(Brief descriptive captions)
┌──
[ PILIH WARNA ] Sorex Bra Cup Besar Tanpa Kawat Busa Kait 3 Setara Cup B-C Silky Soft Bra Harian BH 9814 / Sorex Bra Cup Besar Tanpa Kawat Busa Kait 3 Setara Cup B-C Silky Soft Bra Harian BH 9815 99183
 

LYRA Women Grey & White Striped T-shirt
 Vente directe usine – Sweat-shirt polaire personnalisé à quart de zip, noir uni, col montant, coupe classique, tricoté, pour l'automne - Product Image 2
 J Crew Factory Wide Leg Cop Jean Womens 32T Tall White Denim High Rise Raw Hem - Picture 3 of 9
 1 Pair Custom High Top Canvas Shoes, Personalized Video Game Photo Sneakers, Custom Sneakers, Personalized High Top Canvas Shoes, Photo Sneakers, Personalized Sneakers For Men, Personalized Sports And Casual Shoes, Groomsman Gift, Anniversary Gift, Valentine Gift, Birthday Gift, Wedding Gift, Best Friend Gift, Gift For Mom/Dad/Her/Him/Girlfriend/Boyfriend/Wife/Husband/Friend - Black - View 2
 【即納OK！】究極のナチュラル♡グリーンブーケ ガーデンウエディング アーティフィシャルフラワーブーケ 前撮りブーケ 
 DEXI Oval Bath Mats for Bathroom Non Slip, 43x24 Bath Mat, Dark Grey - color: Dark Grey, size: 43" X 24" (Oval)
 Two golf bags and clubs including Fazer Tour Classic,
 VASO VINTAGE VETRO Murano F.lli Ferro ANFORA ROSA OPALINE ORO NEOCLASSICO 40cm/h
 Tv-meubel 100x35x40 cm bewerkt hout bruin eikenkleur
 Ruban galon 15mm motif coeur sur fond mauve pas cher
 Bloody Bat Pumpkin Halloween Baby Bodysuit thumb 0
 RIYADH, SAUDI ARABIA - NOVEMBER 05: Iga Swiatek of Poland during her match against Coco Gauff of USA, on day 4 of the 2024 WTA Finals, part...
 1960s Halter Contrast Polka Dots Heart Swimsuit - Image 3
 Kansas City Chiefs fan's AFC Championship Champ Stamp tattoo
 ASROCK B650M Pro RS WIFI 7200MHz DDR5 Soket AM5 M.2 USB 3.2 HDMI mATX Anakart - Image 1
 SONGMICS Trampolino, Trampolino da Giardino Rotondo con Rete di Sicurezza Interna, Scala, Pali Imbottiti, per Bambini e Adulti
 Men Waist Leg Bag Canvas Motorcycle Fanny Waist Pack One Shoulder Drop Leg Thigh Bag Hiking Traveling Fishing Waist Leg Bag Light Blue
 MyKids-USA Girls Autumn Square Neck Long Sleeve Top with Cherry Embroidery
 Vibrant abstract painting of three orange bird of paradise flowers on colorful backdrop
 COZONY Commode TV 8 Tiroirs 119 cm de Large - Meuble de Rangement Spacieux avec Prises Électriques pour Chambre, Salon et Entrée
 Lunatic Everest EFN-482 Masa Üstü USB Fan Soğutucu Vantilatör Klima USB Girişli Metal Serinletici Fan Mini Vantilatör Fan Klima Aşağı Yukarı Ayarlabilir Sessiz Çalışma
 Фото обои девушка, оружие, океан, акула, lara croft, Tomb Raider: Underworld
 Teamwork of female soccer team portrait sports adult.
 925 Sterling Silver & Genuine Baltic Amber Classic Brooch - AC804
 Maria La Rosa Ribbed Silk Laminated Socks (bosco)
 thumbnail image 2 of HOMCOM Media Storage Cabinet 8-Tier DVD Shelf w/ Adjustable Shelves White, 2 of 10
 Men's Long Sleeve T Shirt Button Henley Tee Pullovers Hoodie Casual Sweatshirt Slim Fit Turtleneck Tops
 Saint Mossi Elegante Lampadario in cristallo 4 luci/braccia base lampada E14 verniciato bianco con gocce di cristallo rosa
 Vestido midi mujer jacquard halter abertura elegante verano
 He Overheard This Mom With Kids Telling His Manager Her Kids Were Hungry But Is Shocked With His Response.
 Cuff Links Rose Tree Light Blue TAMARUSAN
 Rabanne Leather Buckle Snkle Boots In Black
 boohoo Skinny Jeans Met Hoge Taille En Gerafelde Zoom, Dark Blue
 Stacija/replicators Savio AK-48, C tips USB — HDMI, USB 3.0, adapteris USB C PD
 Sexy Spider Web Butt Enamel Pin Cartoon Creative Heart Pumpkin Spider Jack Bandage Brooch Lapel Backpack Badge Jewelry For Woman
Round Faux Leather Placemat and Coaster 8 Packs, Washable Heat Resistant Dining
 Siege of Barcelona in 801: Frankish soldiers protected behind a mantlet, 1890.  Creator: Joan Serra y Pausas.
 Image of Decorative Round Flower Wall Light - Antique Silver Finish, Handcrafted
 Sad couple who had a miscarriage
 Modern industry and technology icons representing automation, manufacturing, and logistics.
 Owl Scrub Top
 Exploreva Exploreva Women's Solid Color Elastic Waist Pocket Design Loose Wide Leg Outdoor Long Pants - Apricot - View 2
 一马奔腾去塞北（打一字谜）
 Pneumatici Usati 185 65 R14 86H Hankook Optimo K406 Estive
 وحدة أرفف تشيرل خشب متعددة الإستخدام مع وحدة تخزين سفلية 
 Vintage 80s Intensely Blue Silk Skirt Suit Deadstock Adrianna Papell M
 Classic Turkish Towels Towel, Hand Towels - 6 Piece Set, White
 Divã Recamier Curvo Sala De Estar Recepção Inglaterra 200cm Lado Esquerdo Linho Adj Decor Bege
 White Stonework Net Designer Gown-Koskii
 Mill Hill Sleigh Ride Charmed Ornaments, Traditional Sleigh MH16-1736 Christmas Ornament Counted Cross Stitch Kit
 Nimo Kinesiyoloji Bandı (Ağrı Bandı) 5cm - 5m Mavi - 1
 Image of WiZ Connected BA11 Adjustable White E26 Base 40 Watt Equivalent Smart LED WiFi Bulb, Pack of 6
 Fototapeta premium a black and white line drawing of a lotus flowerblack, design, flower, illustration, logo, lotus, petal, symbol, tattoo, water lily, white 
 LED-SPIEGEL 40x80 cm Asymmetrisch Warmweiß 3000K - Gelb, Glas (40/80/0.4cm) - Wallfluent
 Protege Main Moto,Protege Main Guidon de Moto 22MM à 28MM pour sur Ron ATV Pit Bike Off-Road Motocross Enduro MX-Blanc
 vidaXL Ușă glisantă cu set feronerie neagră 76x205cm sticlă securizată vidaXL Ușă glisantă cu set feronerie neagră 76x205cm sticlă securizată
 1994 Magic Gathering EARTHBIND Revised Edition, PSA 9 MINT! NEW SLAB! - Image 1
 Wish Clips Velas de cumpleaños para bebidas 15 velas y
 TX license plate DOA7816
└──
▸ **EXERCISE OBJECTIVE**:
Nothing should appear in the answer except the lines above from the line with "Vibrant abstract painting" through the line with "925 Sterling Silver", both included, written out exactly.

▸ **RESULT FOR THIS EXERCISE**:
 Vibrant abstract painting of three orange bird of paradise flowers on colorful backdrop
 COZONY Commode TV 8 Tiroirs 119 cm de Large - Meuble de Rangement Spacieux avec Prises Électriques pour Chambre, Salon et Entrée
 Lunatic Everest EFN-482 Masa Üstü USB Fan Soğutucu Vantilatör Klima USB Girişli Metal Serinletici Fan Mini Vantilatör Fan Klima Aşağı Yukarı Ayarlabilir Sessiz Çalışma
 Фото обои девушка, оружие, океан, акула, lara croft, Tomb Raider: Underworld
 Teamwork of female soccer team portrait sports adult.
 925 Sterling Silver & Genuine Baltic Amber Classic Brooch - AC804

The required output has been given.